▶ [RECORD EXTRACTS]
____________

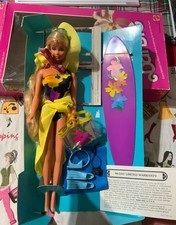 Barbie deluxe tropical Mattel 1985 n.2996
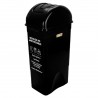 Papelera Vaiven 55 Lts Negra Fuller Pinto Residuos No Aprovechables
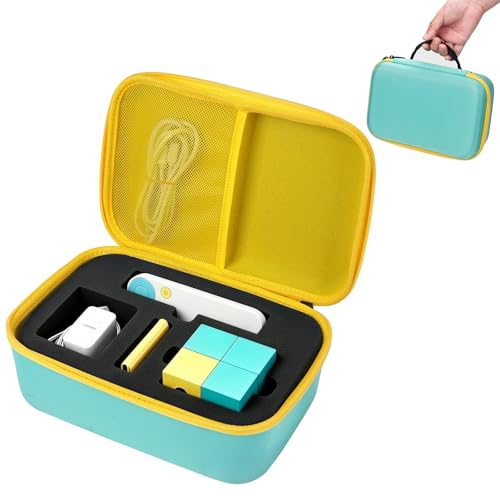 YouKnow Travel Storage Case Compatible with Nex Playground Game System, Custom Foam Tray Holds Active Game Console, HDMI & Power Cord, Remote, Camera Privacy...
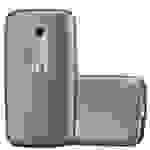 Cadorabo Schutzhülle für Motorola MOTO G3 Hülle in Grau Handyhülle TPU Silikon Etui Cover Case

____________

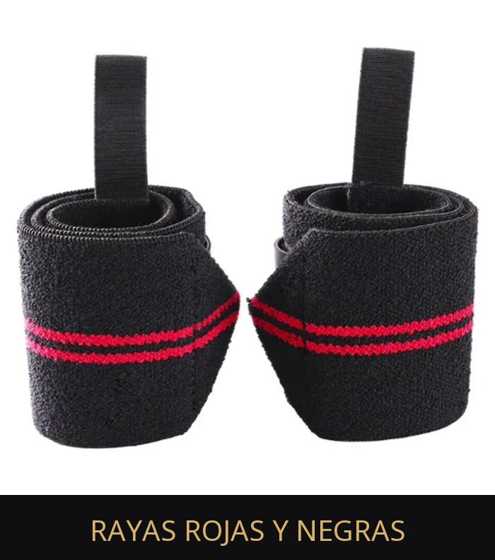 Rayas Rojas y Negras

____________

▶ [YOUR ASSIGNMENT] Output exactly those lines of the data above that run from the line with "Barbie deluxe tropical Mattel 1985 n.2996" up to and including the line with "Cadorabo Schutzhülle für". No pictures go in.

▶ [WRITTEN ANSWER]
 Barbie deluxe tropical Mattel 1985 n.2996
 Papelera Vaiven 55 Lts Negra Fuller Pinto Residuos No Aprovechables
 YouKnow Travel Storage Case Compatible with Nex Playground Game System, Custom Foam Tray Holds Active Game Console, HDMI & Power Cord, Remote, Camera Privacy...
 Cadorabo Schutzhülle für Motorola MOTO G3 Hülle in Grau Handyhülle TPU Silikon Etui Cover Case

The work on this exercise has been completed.